The authority, an independent agency that owns the civic center, is preparing to ask lawmakers to borrow the money, and taxpayers would have to repay any new debt, according to The Providence Journal.

That would leave the state with an additional $1.2 million in annual debt payments.

for the next 30 years.

“That’s adding a lot of stress on the budget,” Rep.
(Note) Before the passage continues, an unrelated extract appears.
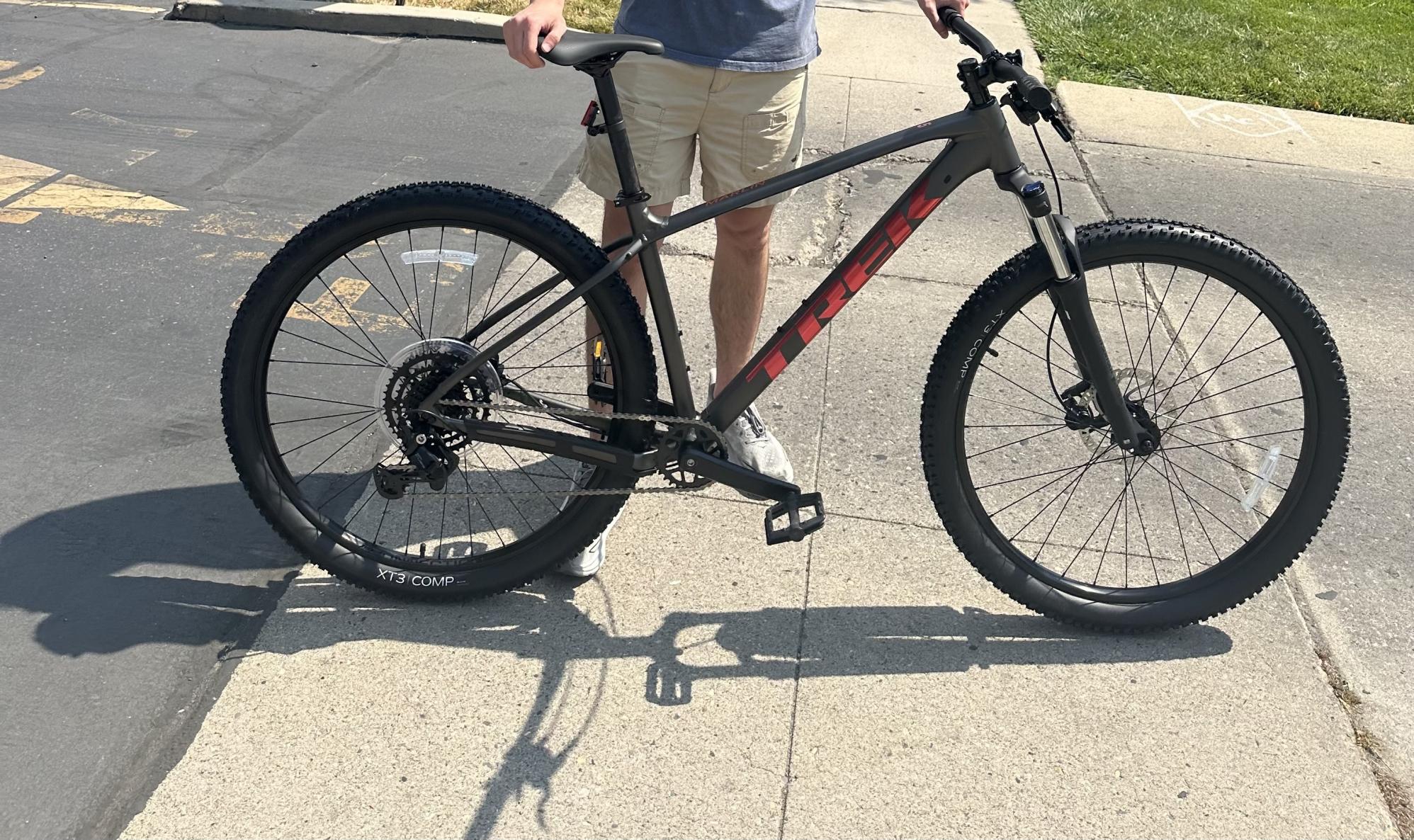 2024 Trek Marlin 5 Black and Red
Steven M. Costantino, D-Providence, chairman of the House Finance Committee, told the Providence Journal. “That’s a significant overrun.”

The news comes as lawmakers are already struggling to plug an anticipated $360 million budget shortfall.

The three-year overhaul to the civic center includes luxury suites, new seats and a pedestrian bridge connecting the arena with the convention center.

In the summer of 2004, the authority estimated the project’s cost at $58 million, relying on a study by Ellerbe Becket, a Minnesota consulting firm.

By the following spring, when the authority asked the state for permission to borrow money to buy the arena from Providence, the renovation price had already jumped to $62 million, a jump blamed on inflation and the rising cost of construction materials.

The price has now reached about $77 million.

The overhaul is slated to be finished by December 2008. The building is scheduled to close later this month so crews can renovate the lobby and complete the suites and bridge.

James P. McCarvill, the authority’s executive director, said he’ll submit the funding request in the next several days. Hearings before the House and Senate Finance committees could be held in the next two weeks.

He said the rising cost of building materials, primarily steel and concrete, accounts for at least $5 million of the overrun.

“We are out of options,” McCarvill said. “We are going to need more money. Either that, or we won’t complete the project.”